Armed and Dangerous: Other ‘American Police Forces’
Armed and Dangerous: Private Police On The March, By Mike Zielinski, Covert Action Quarterly
THE ERA OF DUAL LAW ENFORCEMENT IS HERE AS GOVERNMENT AND CORPORATIONS HIRE RENT-A-COPS TO GUARD BUSINESSES AND GATED COMMUNITIES AND TO BREAK STRIKES. NOW, ABUSES BY THE PRIVATE SECURITY INDUSTRY AND ITS EMPLOYEES THEMSELVES THREATEN PUBLIC SECURITY.
Propelled by public panic over crime, the private security industry is one of the fastest growing enterprises in the U.S., spending more money and employing more guards than public police forces around the country. In 1990 alone, $52 billion was spent on private security, compared to $30 billion on police. More than 10,000 private security companies employ some 1.5 million guards, nearly triple the 554,000 state and local police officers.
And the industry which generates billions in profits is growing rapidly. One congressional advocate of increased regulation says national labor statistics indicate that more jobs will be created in the private security field than any other categories over the next decade. Industry executives estimate that the number of private guards will surge to 2 million by the year 2000.
This rush to employ private guards reflects the militarization of America. Private firms are arming guards at a pace to match the rapid expansion of non-sporting firearms in private hands. America is an armed camp, with an estimated 200 million guns in private hands. The more than 100,000 gun-toting private guards have more firepower than the combined police forces of the nation’s 30 largest urban centers.
At the forefront is the Special Response Corporation (SRC), based in Towson, Maryland, SRC’s ads feature a uniformed agent wielding a riot shield beneath a headline which proclaims: A Private Army When You Need It Most. SRC promises prospective employers that we can provide the security and control measures necessary for the continued operation of the business in the event of a strike. SRC vouches for the professionalism of its agents, stating that they all have prior military or law enforcement experience. In 1990, SRC helped precipitate a melee when its guards used martial arts sticks against striking newspaper workers in New York City.

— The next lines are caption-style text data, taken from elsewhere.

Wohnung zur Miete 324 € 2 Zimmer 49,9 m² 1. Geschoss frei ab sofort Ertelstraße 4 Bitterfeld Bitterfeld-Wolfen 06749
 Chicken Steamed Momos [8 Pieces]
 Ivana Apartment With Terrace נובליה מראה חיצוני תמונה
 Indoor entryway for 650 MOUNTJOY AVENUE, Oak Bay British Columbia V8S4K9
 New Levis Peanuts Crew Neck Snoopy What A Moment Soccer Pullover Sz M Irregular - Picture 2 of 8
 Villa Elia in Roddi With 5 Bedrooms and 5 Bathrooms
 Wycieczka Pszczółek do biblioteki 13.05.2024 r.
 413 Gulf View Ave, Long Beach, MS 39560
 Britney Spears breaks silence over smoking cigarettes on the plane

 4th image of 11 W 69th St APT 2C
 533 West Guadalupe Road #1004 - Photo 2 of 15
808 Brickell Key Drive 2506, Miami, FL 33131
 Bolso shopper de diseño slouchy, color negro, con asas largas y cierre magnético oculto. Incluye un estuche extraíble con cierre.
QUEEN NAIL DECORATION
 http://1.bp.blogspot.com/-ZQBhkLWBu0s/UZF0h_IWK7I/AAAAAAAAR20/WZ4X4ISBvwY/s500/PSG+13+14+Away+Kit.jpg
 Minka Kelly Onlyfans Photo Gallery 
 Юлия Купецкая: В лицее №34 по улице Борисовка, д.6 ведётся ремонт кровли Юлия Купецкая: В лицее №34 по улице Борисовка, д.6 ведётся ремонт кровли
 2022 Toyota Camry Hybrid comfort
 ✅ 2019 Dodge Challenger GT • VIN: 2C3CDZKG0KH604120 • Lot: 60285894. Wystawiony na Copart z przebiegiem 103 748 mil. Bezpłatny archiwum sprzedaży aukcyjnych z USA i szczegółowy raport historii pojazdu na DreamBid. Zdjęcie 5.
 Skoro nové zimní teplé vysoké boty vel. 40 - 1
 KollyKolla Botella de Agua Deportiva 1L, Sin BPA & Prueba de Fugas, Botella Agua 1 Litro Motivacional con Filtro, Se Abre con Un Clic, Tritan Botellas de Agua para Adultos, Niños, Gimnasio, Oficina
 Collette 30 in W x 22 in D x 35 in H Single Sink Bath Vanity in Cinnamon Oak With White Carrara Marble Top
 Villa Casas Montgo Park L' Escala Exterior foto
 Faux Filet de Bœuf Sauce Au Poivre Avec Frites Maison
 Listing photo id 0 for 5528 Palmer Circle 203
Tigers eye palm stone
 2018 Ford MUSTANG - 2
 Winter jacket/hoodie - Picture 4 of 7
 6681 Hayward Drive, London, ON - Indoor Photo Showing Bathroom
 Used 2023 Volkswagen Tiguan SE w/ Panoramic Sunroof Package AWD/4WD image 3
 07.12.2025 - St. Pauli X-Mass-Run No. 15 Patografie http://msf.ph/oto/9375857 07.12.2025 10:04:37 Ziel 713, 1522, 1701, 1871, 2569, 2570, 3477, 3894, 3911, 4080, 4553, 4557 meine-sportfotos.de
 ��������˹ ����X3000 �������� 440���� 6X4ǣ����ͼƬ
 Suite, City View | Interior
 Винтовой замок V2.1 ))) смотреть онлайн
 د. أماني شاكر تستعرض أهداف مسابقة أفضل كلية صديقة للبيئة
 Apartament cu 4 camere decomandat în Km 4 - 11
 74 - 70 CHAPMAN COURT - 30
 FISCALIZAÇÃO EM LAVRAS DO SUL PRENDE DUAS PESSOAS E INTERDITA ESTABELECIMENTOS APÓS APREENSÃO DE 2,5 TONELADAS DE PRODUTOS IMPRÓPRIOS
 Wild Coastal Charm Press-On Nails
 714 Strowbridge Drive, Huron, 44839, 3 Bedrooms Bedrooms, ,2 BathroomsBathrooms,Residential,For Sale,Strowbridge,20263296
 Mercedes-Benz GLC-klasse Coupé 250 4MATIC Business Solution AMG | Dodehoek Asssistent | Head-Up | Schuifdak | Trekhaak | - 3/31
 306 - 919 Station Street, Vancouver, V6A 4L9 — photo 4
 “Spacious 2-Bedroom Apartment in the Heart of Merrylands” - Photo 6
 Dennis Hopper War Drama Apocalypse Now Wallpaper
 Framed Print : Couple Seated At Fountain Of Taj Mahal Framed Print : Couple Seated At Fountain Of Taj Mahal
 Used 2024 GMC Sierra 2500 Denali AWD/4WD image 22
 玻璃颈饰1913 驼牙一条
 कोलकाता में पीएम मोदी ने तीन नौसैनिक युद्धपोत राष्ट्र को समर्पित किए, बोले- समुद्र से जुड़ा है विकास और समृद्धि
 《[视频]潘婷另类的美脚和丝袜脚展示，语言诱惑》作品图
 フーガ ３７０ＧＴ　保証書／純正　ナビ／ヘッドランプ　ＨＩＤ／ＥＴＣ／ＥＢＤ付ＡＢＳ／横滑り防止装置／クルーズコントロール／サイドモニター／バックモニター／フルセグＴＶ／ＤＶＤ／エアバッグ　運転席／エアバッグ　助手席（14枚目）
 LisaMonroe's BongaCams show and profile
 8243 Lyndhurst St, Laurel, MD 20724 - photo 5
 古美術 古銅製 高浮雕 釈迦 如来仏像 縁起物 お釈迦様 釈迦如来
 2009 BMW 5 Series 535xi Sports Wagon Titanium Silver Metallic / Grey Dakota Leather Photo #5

Among the most outspoken critics to emerge from within the industry is Ira Lipman, president of Guardsmark, the country’s fifth largest security firm. He draws a dismal picture of the industry, asserting that there are security officers in this nation who are convicted murderers and rapists, who are thrilled at the sight of fire, who think that a uniform gives them authority, and that a gun gives them power, who cannot control their urges or contain their wants, who prey on those they are hired to protect. The industry’s greatest weakness, he contends is the lack of rigorous background checks. [Security firms] do not even attempt to check applicants’ criminal records, military service records, personal references, previous employers or educational claims. They don’t test for literacy, they don’t test for drug use, and they don’t evaluate psychological fitness.
Free People – This article is about 10 years old and even more relevant today. According to statistics we have seen, there is a 5:1 ratio of private police to public police (hired by levels of the government). As the abuse of our once Constitutional law enforcement expands beyond recognition, it is sobering to think of the abuse we might witness at the hands of these mercenaries. We have heard the stories from Iraq regarding Blackwater, yet now we are finding Blackwater counterparts cropping up in a small town like Hardin, MT. Heavily armed, bound by no Oath, this is America’s greatest nightmare.